I dont know where you are but reverse garbage is in petersham sydney you can get massive blocks of polystyrene there for next to nothing i have also bought an old display case from there which i converted into an enclosure for my beardys they also sometimes have huge sheets of perspex for cheap. great little store and its all recycled so good for the planet too


----------



## BeardyBen (Apr 18, 2006)

> How do you waterproof the waterfall?


funny enough polystyrene is waterproof  heheheh I used house paint and then used a matt finish finishing varnish seemed to work well, I havent got it in any enclosures at the moment cause its a bit big and was a "prototype"


----------



## waruikazi (Apr 18, 2006)

that is a great looking set up!


----------



## SLACkra (Apr 18, 2006)

great setup, just one question, why is there only one image posted!?!?! different angles more zoomed in, maybe an image of the water fall!

andrew


----------



## BeardyBen (Apr 18, 2006)

> great setup, just one question, why is there only one image posted!?!?! different angles more zoomed in, maybe an image of the water fall!
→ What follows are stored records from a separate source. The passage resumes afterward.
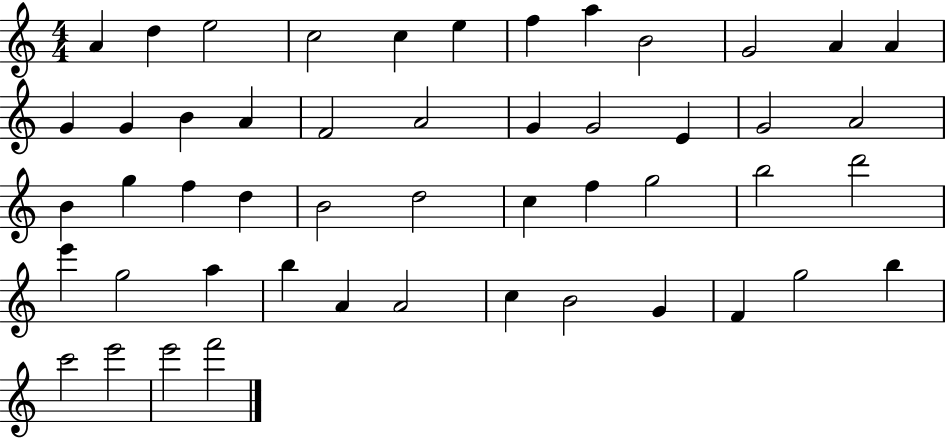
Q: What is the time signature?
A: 4/4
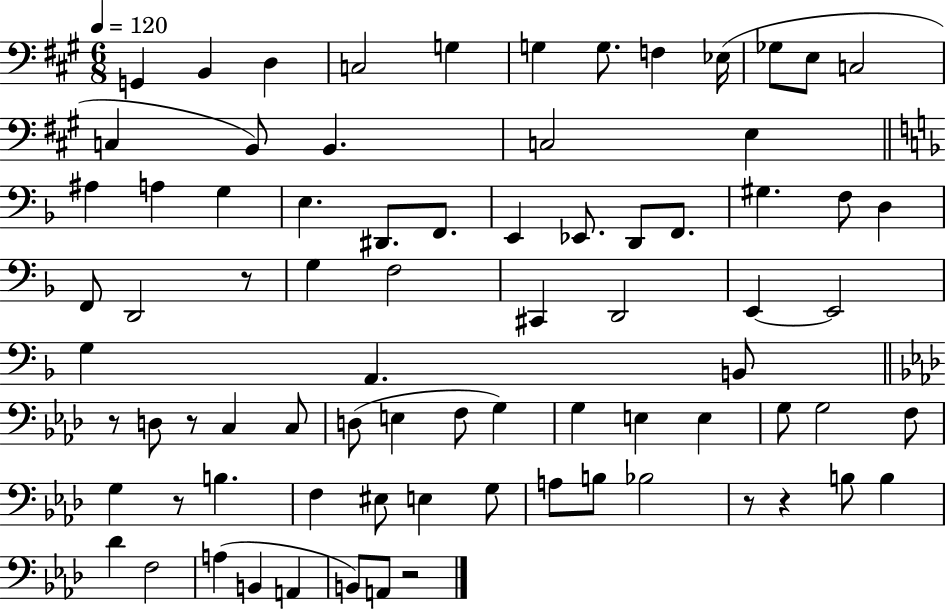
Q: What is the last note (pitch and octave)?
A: A2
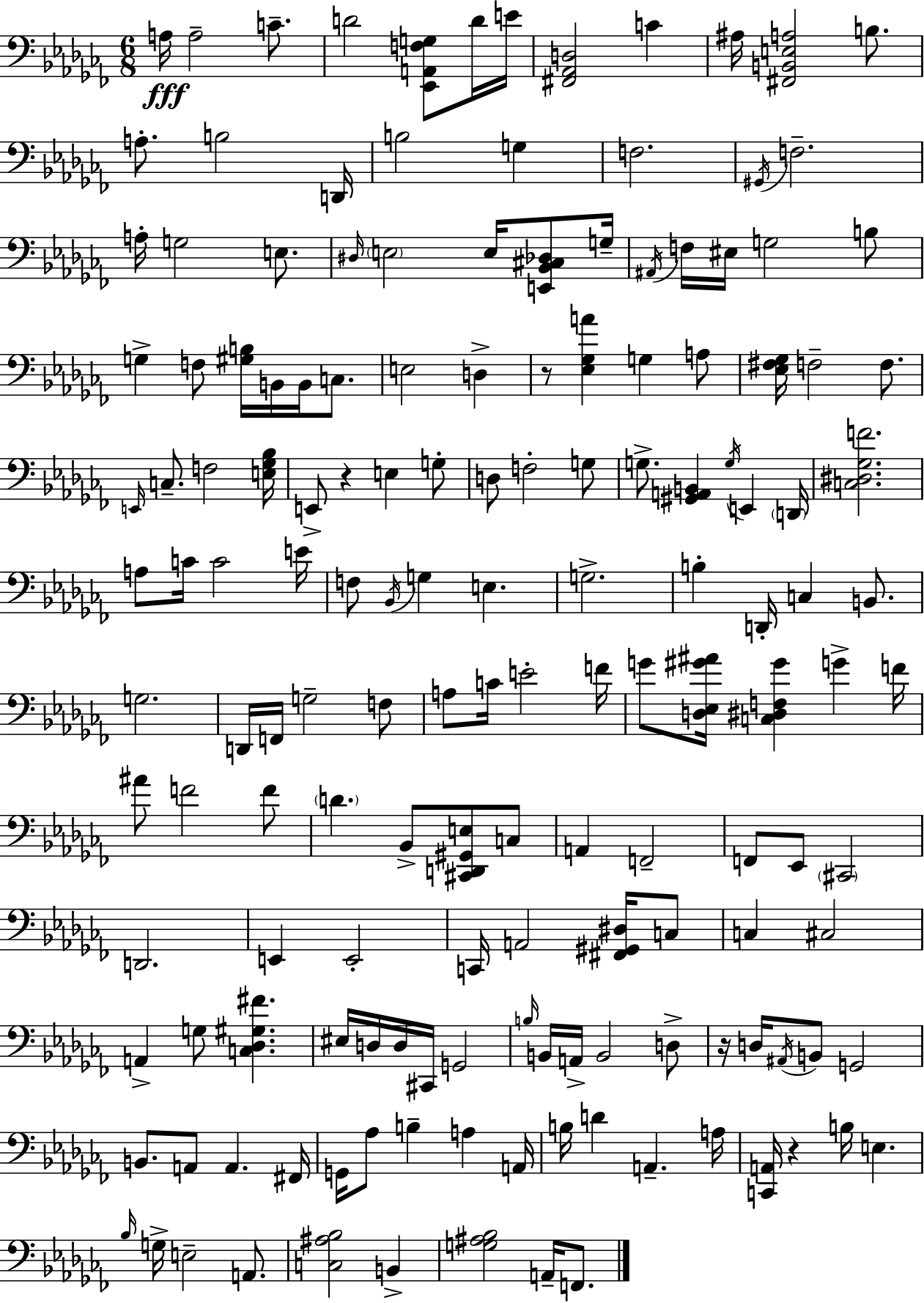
{
  \clef bass
  \numericTimeSignature
  \time 6/8
  \key aes \minor
  a16\fff a2-- c'8.-- | d'2 <ees, a, f g>8 d'16 e'16 | <fis, aes, d>2 c'4 | ais16 <fis, b, e a>2 b8. | \break a8.-. b2 d,16 | b2 g4 | f2. | \acciaccatura { gis,16 } f2.-- | \break a16-. g2 e8. | \grace { dis16 } \parenthesize e2 e16 <e, bes, cis des>8 | g16-- \acciaccatura { ais,16 } f16 eis16 g2 | b8 g4-> f8 <gis b>16 b,16 b,16 | \break c8. e2 d4-> | r8 <ees ges a'>4 g4 | a8 <ees fis ges>16 f2-- | f8. \grace { e,16 } c8.-- f2 | \break <e ges bes>16 e,8-> r4 e4 | g8-. d8 f2-. | g8 g8.-> <gis, a, b,>4 \acciaccatura { g16 } | e,4 \parenthesize d,16 <c dis ges f'>2. | \break a8 c'16 c'2 | e'16 f8 \acciaccatura { bes,16 } g4 | e4. g2.-> | b4-. d,16-. c4 | \break b,8. g2. | d,16 f,16 g2-- | f8 a8 c'16 e'2-. | f'16 g'8 <d ees gis' ais'>16 <c dis f gis'>4 | \break g'4-> f'16 ais'8 f'2 | f'8 \parenthesize d'4. | bes,8-> <cis, d, gis, e>8 c8 a,4 f,2-- | f,8 ees,8 \parenthesize cis,2 | \break d,2. | e,4 e,2-. | c,16 a,2 | <fis, gis, dis>16 c8 c4 cis2 | \break a,4-> g8 | <c des gis fis'>4. eis16 d16 d16 cis,16 g,2 | \grace { b16 } b,16 a,16-> b,2 | d8-> r16 d16 \acciaccatura { ais,16 } b,8 | \break g,2 b,8. a,8 | a,4. fis,16 g,16 aes8 b4-- | a4 a,16 b16 d'4 | a,4.-- a16 <c, a,>16 r4 | \break b16 e4. \grace { bes16 } g16-> e2-- | a,8. <c ais bes>2 | b,4-> <g ais bes>2 | a,16-- f,8. \bar "|."
}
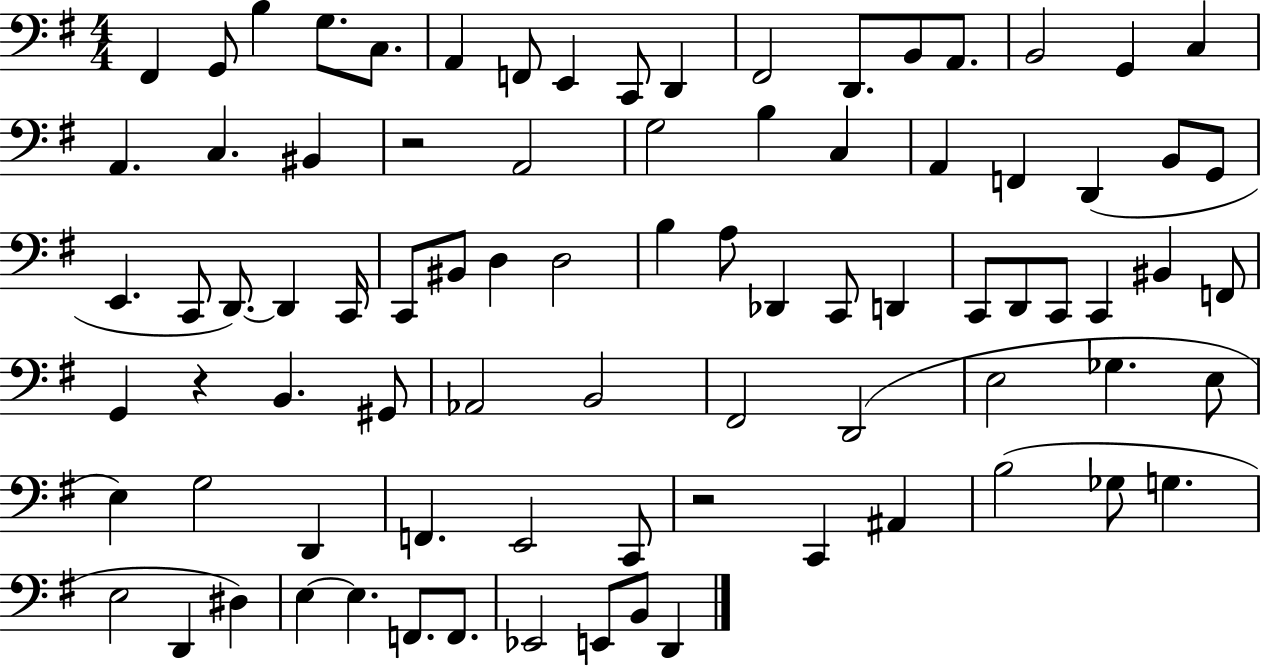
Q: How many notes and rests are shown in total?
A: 84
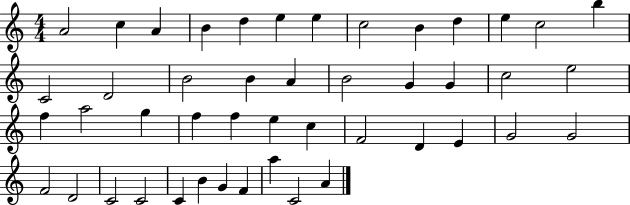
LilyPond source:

{
  \clef treble
  \numericTimeSignature
  \time 4/4
  \key c \major
  a'2 c''4 a'4 | b'4 d''4 e''4 e''4 | c''2 b'4 d''4 | e''4 c''2 b''4 | \break c'2 d'2 | b'2 b'4 a'4 | b'2 g'4 g'4 | c''2 e''2 | \break f''4 a''2 g''4 | f''4 f''4 e''4 c''4 | f'2 d'4 e'4 | g'2 g'2 | \break f'2 d'2 | c'2 c'2 | c'4 b'4 g'4 f'4 | a''4 c'2 a'4 | \break \bar "|."
}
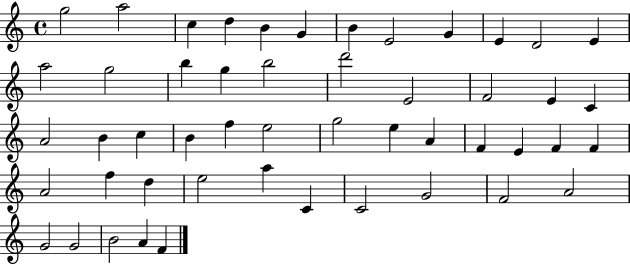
{
  \clef treble
  \time 4/4
  \defaultTimeSignature
  \key c \major
  g''2 a''2 | c''4 d''4 b'4 g'4 | b'4 e'2 g'4 | e'4 d'2 e'4 | \break a''2 g''2 | b''4 g''4 b''2 | d'''2 e'2 | f'2 e'4 c'4 | \break a'2 b'4 c''4 | b'4 f''4 e''2 | g''2 e''4 a'4 | f'4 e'4 f'4 f'4 | \break a'2 f''4 d''4 | e''2 a''4 c'4 | c'2 g'2 | f'2 a'2 | \break g'2 g'2 | b'2 a'4 f'4 | \bar "|."
}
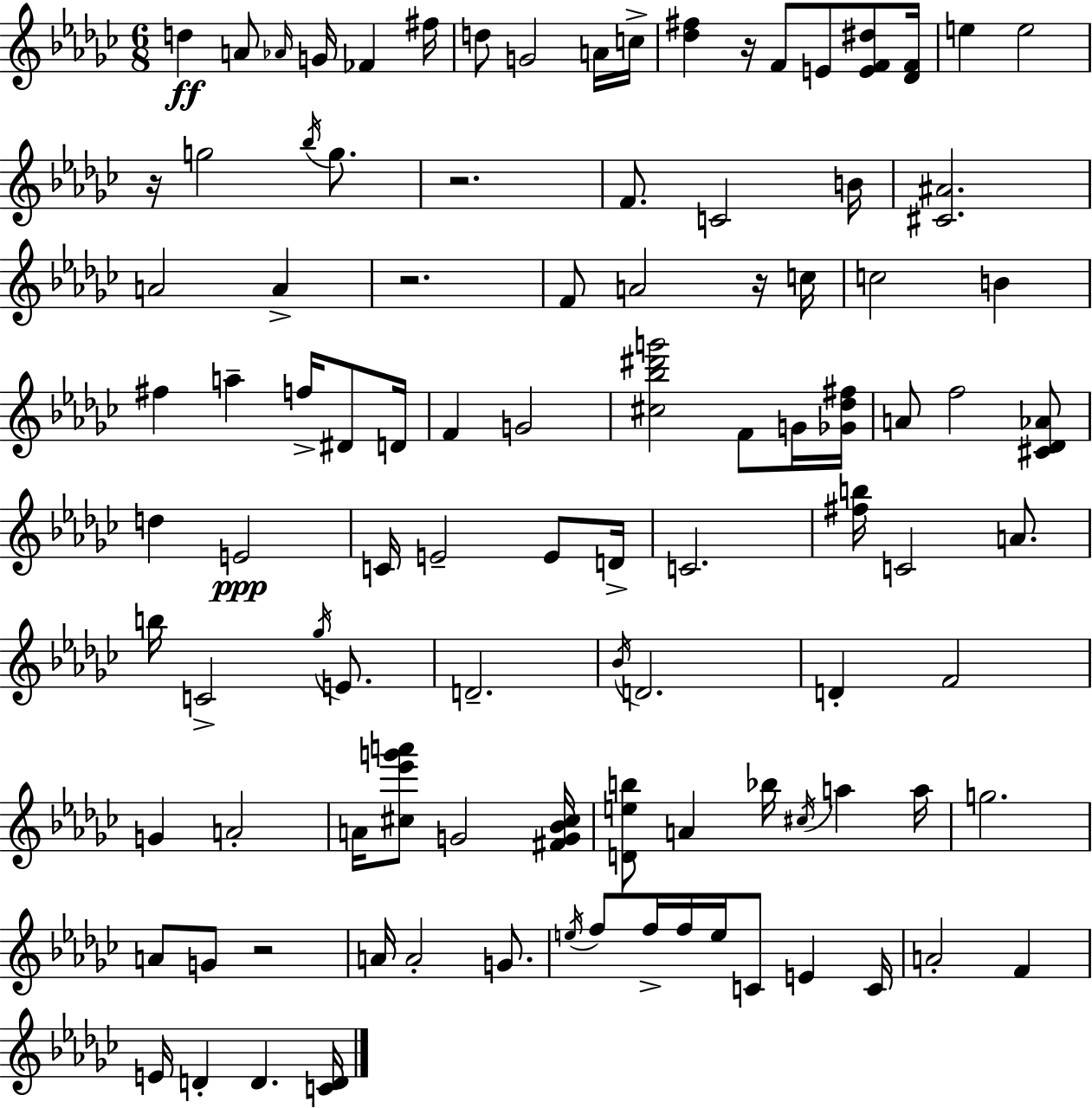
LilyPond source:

{
  \clef treble
  \numericTimeSignature
  \time 6/8
  \key ees \minor
  d''4\ff a'8 \grace { aes'16 } g'16 fes'4 | fis''16 d''8 g'2 a'16 | c''16-> <des'' fis''>4 r16 f'8 e'8 <e' f' dis''>8 | <des' f'>16 e''4 e''2 | \break r16 g''2 \acciaccatura { bes''16 } g''8. | r2. | f'8. c'2 | b'16 <cis' ais'>2. | \break a'2 a'4-> | r2. | f'8 a'2 | r16 c''16 c''2 b'4 | \break fis''4 a''4-- f''16-> dis'8 | d'16 f'4 g'2 | <cis'' bes'' dis''' g'''>2 f'8 | g'16 <ges' des'' fis''>16 a'8 f''2 | \break <cis' des' aes'>8 d''4 e'2\ppp | c'16 e'2-- e'8 | d'16-> c'2. | <fis'' b''>16 c'2 a'8. | \break b''16 c'2-> \acciaccatura { ges''16 } | e'8. d'2.-- | \acciaccatura { bes'16 } d'2. | d'4-. f'2 | \break g'4 a'2-. | a'16 <cis'' ees''' g''' a'''>8 g'2 | <fis' g' bes' cis''>16 <d' e'' b''>8 a'4 bes''16 \acciaccatura { cis''16 } | a''4 a''16 g''2. | \break a'8 g'8 r2 | a'16 a'2-. | g'8. \acciaccatura { e''16 } f''8 f''16-> f''16 e''16 c'8 | e'4 c'16 a'2-. | \break f'4 e'16 d'4-. d'4. | <c' d'>16 \bar "|."
}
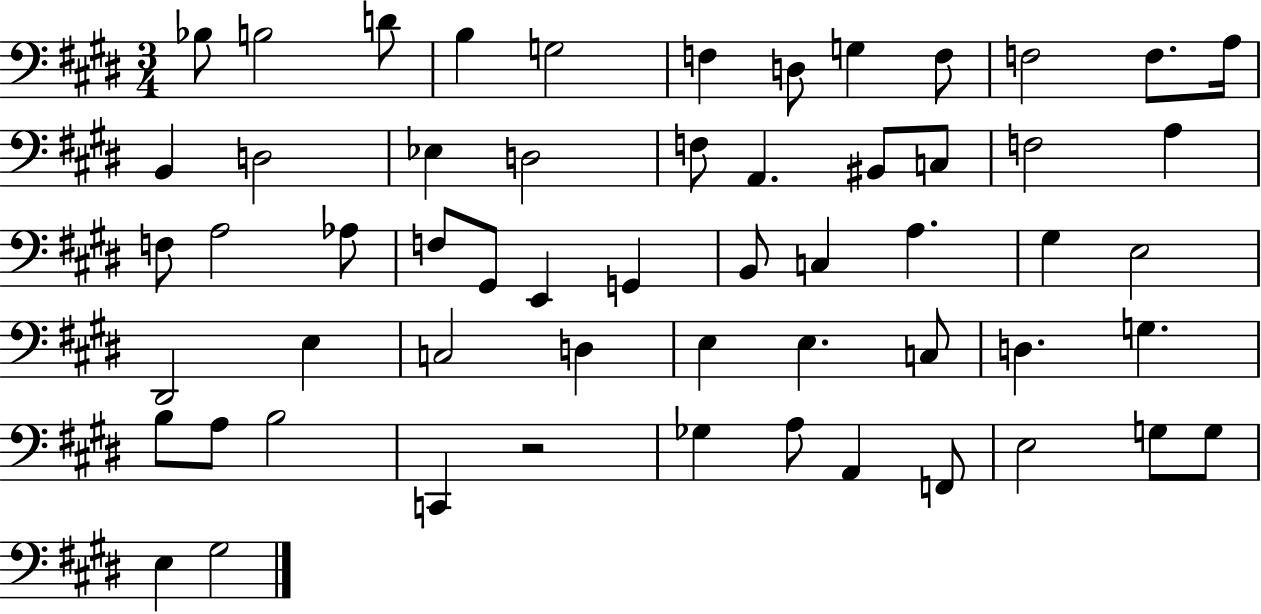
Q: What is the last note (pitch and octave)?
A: G#3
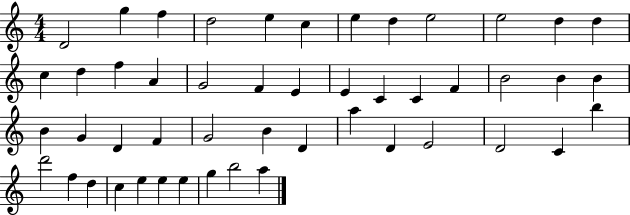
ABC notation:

X:1
T:Untitled
M:4/4
L:1/4
K:C
D2 g f d2 e c e d e2 e2 d d c d f A G2 F E E C C F B2 B B B G D F G2 B D a D E2 D2 C b d'2 f d c e e e g b2 a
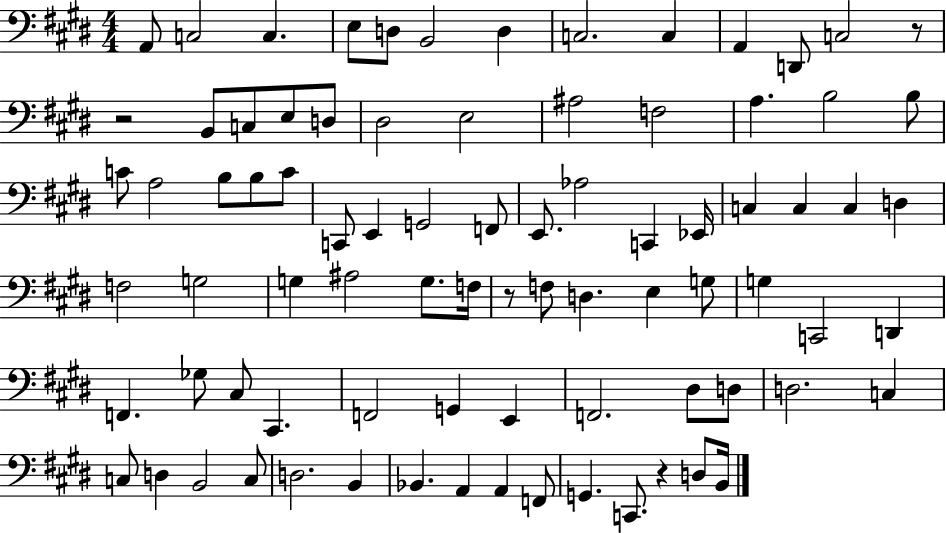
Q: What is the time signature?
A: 4/4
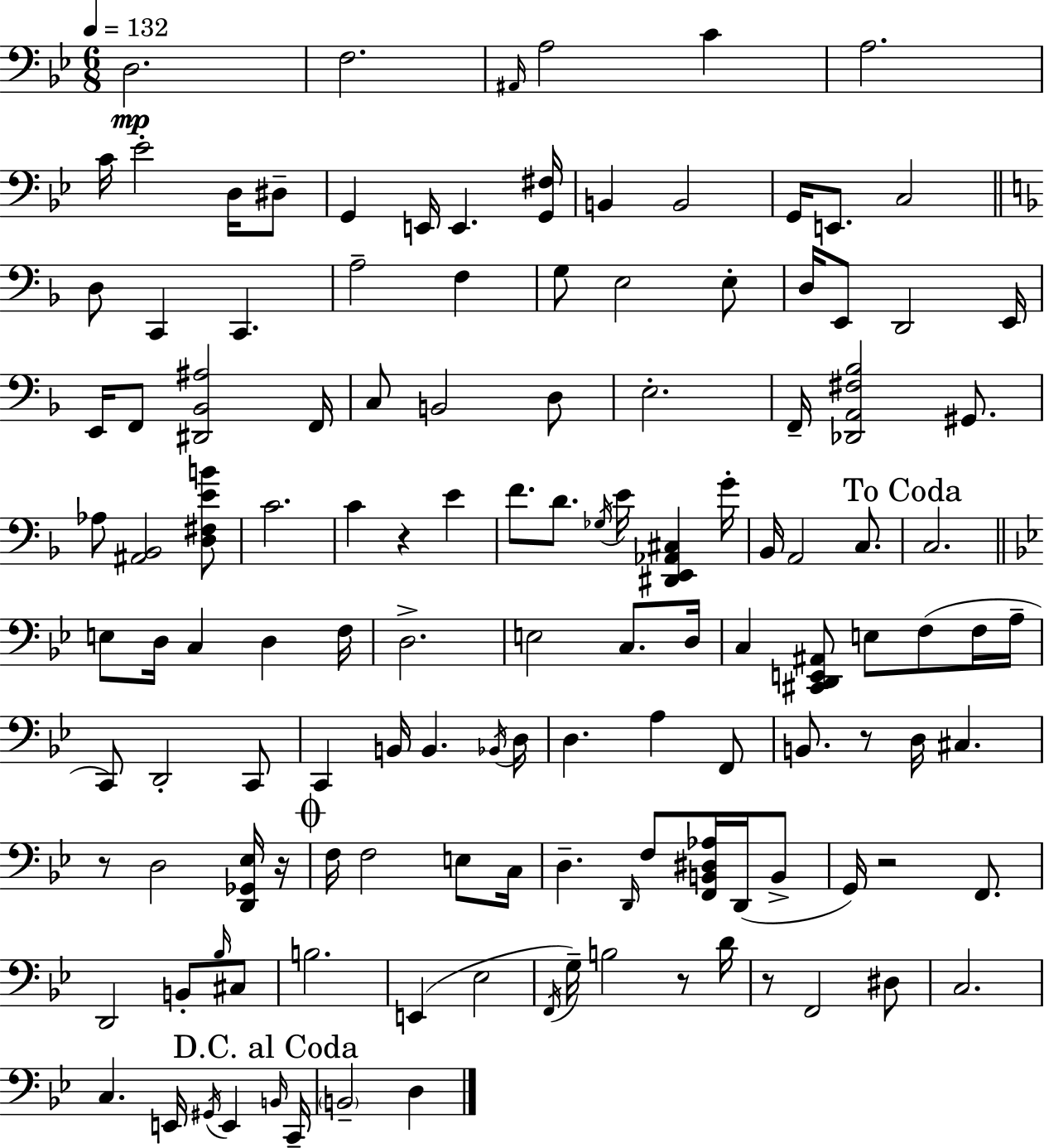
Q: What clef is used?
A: bass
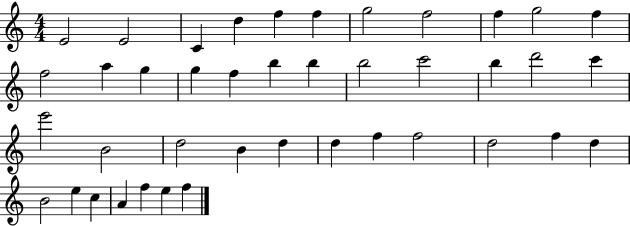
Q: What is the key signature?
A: C major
so many demands  would you like a 30 minute documentary as well??  
I will post a few pics tonight when i get home from work, the waterfall isnt in this enclosure. Cheers. Ben


----------



## SLACkra (Apr 18, 2006)

> would you like a 30 minute documentary as well??



damn straight i do! lol. 



> the waterfall isnt in this enclosure



lol no wonder i couldn't see one. which enclosure is it in? imo you've done an amazing job!

andrew


----------



## BeardyBen (Apr 18, 2006)

cheers andrew the waterfall is buried in my garage somewhere i'lkl try and fish it out and take some pics  dont hold ya breath though


----------



## deathinfire (Apr 18, 2006)

that looks awesome!

post a few more pics ben


----------



## peterjohnson64 (Apr 18, 2006)

Forget the 30 minute docco, we want a half day training session.


----------



## BeardyBen (Apr 18, 2006)

ok a couple more pics 

this one was taken about 6 months ago a bit different set up sorry about the pic quality





one more of original pic with better lighting


----------



## BeardyBen (Apr 19, 2006)

I will try to put together a step by step instruction sheet for everyone probably this weekend


----------



## DrOsteo (Apr 19, 2006)

How much will it cost for you to put together a rock ledge / waterfall for me?


----------



## DrOsteo (Apr 19, 2006)

I'll even design it if you like.............? :roll:


----------



## BeardyBen (Apr 19, 2006)

hehehe sorry DrOsteo, If I had more time on my hands I would make them to order but very busy lately. If i change my mind I'll let you know.


----------



## DrOsteo (Apr 19, 2006)

Worth a try.......


----------



## Possum (Apr 20, 2006)

*Wall*

Excellent pics. 

Am instruction guide would be good, if you could also get a Do-It-Yourself doco out by the weekend that would be appreciated also.


----------



## Spike14 (Apr 20, 2006)

lol now youve got me thinking, pugsly u better be getting all this down cause now you know what i want in these tanks :twisted:


----------



## markinaus (Apr 25, 2006)

when you say tile "adhesive" do you mean tile grout or the actual stuff you stick the tiles down with.


----------



## dickyknee (Apr 25, 2006)

markinaus said:


> when you say tile "adhesive" do you mean tile grout or the actual stuff you stick the tiles down with.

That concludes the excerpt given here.